| The data |
*** Begin section ***

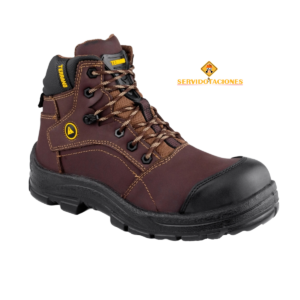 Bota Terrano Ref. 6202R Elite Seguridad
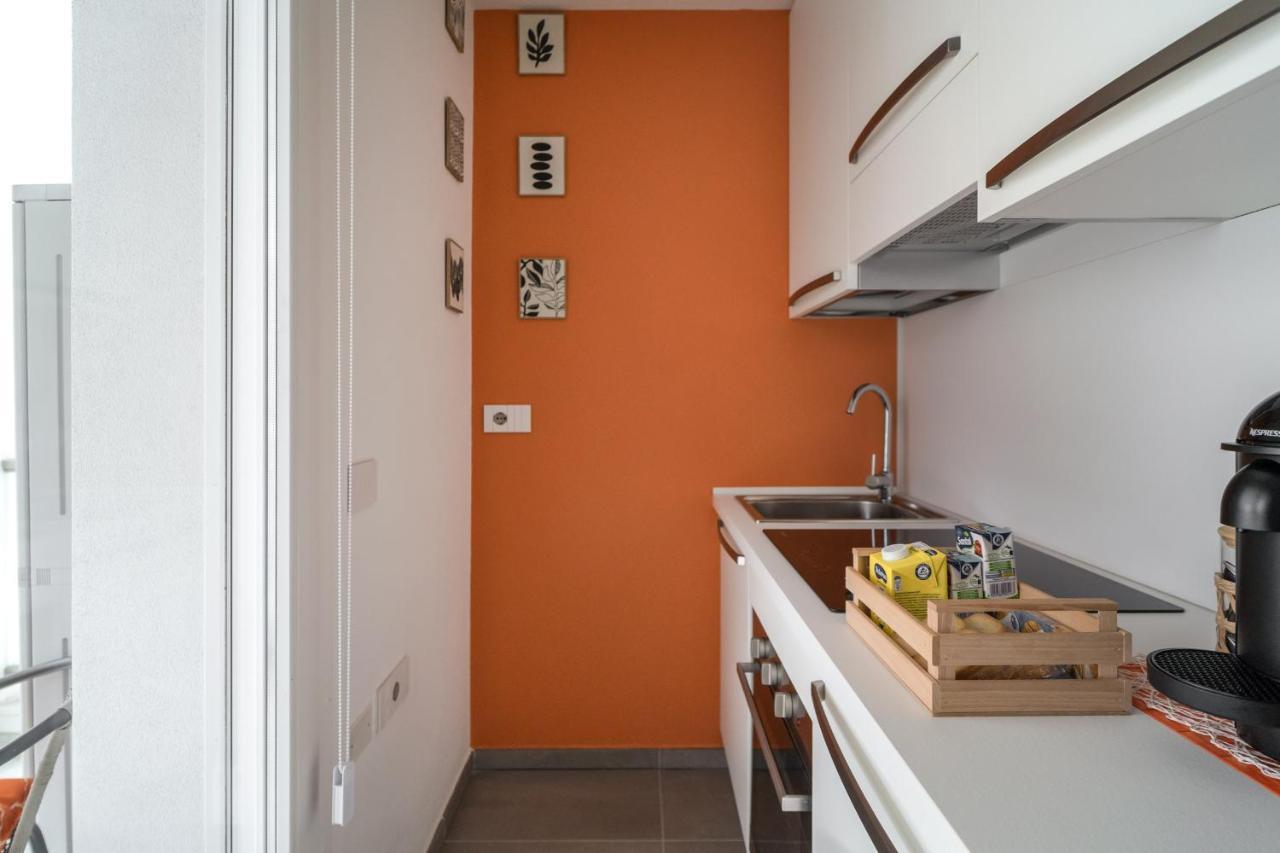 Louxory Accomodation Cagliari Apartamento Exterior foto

*** End section ***
*** Begin section ***

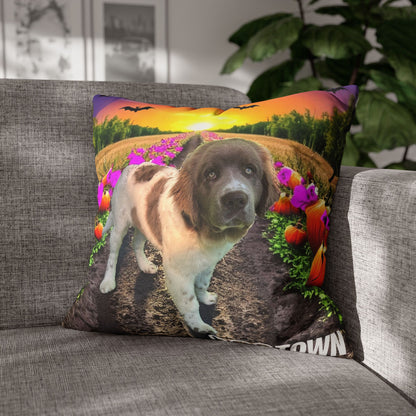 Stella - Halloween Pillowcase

*** End section ***

| What you need to do |
The expected output is the lines above from the one containing "Bota Terrano Ref. 6202R Elite Seguridad" to the one containing "Louxory Accomodation Cagliari", both ends included, reproduced exactly with every picture left out.

| Solution to the problem |
 Bota Terrano Ref. 6202R Elite Seguridad
 Louxory Accomodation Cagliari Apartamento Exterior foto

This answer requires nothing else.